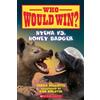 Jerry Pallotta Hyena vs. Honey Badger (Who Would Win?) (Tascabile)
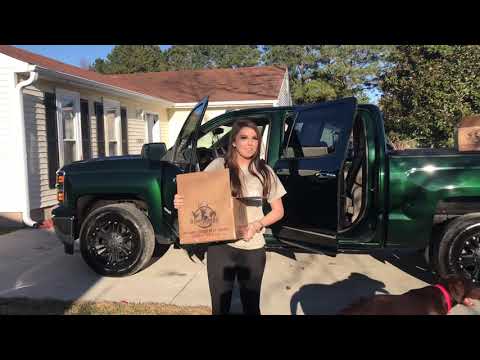 Sportsman Camo Seat covers installation
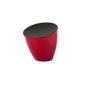 Rosti Mepal Table Trash Can, Calypso Luna Red (Kitchen)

══════════

▶ **Your goal**
Your copy should hold only the lines from the one containing "Sportsman Camo Seat covers installation" through the last line of the listing, both included, retyped exactly and free of pictures.

▶ **Answer to the exercise**
 Sportsman Camo Seat covers installation
 Rosti Mepal Table Trash Can, Calypso Luna Red (Kitchen)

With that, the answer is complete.